Build a distributed, end-to-end secure Apache Spark big data analytics application based on BigDL PPML on TDX instances - Elastic Compute Service

This topic describes how to use BigDL Privacy Preserving Machine Learning (BigDL PPML) to run a distributed, end-to-end secure Apache Spark big data analytics application on Intel^®TDX enabled g8i instances.

Background information

An increasing number of enterprises are migrating their data and computing resources to the cloud. Protecting data privacy and confidentiality is critical for big data analytics and machine learning, and becomes a shared challenge to data scientists and cloud service providers.

BigDL PPML can be used to run standard big data and AI applications (such as Apache Spark, Apache Flink, Tensorflow, and PyTorch) on Alibaba Cloud TDX instances while protecting data that is in transit and in use and assuring application integrity. For more information, see BigDL-PPML.

Intel^® Trusted Domain Extension (Intel^® TDX) provides hardware-assisted security to protect data. It is independent of firmware and the security status of hosts and can build a confidential computing environment on physical machines.
Alibaba Cloud g8i instances are Intel^® TDX enabled instances (hereinafter referred to as TDX instances) that provide TDX confidential computing capabilities and create a safer, trusted, confidential environment with hardware-enforced protection. TDX instances mitigate risks that are associated with malware attacks and achieve high levels of data privacy and application integrity.
BigDL PPML is a solution that is developed based on Intel^® TDX to secure data analysis and AI applications.

Architecture

By using BigDL PPML, you can run existing distributed big data analytics and AI applications, such as Apache Spark, Apache Flink, Tensorflow, and PyTorch, in a confidential environment with no code changes.
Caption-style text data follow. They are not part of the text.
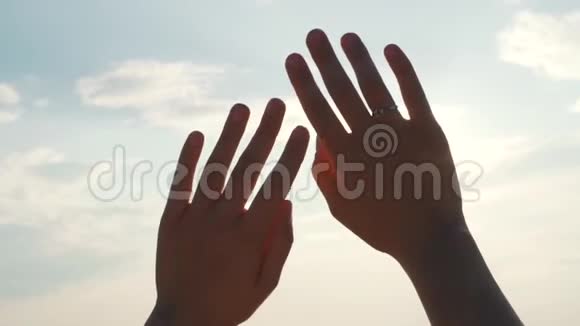 女孩用手掌遮住太阳视频的预览图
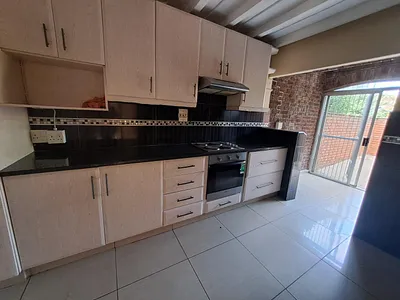 3 Bedroom Townhouse For Sale in Richards Bay - img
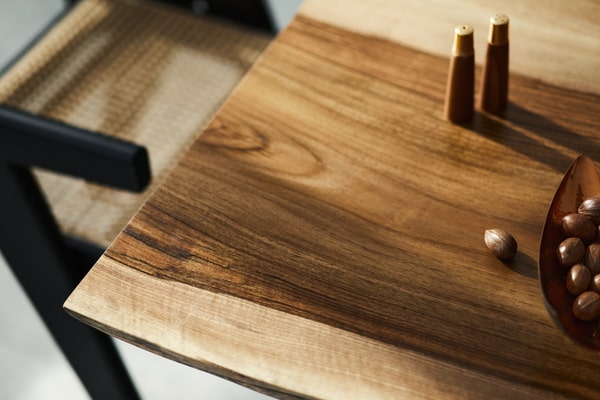 ¿Buscas una mesa de madera para tu hogar_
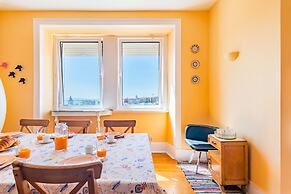 Bright & Beautiful Top Floor Graça Flat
Big data analytics and AI applications run on Kubernetes clusters that are based on TDX instances, where compute and memory are protected by Intel® TDX. BigDL PPML enables the following end-to-end security mechanisms for distributed applications at the underlying layer:

A security mechanism that provides and attests a trusted cluster environment in a Kubernetes cluster that is based on TDX instances.
Key management service (KMS): manages keys and uses the keys to encrypt and decrypt distributed data.
Secure, distributed computing and communication.

BigDL PPML secures the end-to-end big data and AI pipeline in a Kubernetes cluster that is deployed based on Intel^® TDX enabled instances, as shown in the preceding figure. All data is encrypted and stored in data lakes and data warehouses.

BigDL PPML workers load encrypted input data, obtain data keys by performing remote attestations or by using KMS, and use the keys to decrypt input data on TDX instances.
BigDL PPML workers use big data and AI computing frameworks to preprocess data in a distributed manner, train models, and perform inference by using models.
BigDL PPML workers encrypt and write final results, output data, or models to distributed storage.

Data that is transmitted between nodes is encrypted in transit based on security protocols, such as Advanced Encryption Standard (AES) and Transport Layer Security, to ensure the end-to-end security and privacy of data.

Procedure

This section describes how to run a distributed, end-to-end secure, big data analytics application on TDX instances. In this example, an Apache Spark big data analytics application and a Simple Query example are used. For information about how to use big data and AI applications, see BigDL PPML Tutorials & Examples.

Step 1: Deploy a Kubernetes cluster and runtime environment

In this topic, a Kubernetes cluster that consists of a master node and two worker nodes is used. The number of nodes in the cluster must be the same as that of TDX instances that you purchase. You can create a Kubernetes cluster that consists of a specific number of nodes based on your business requirements.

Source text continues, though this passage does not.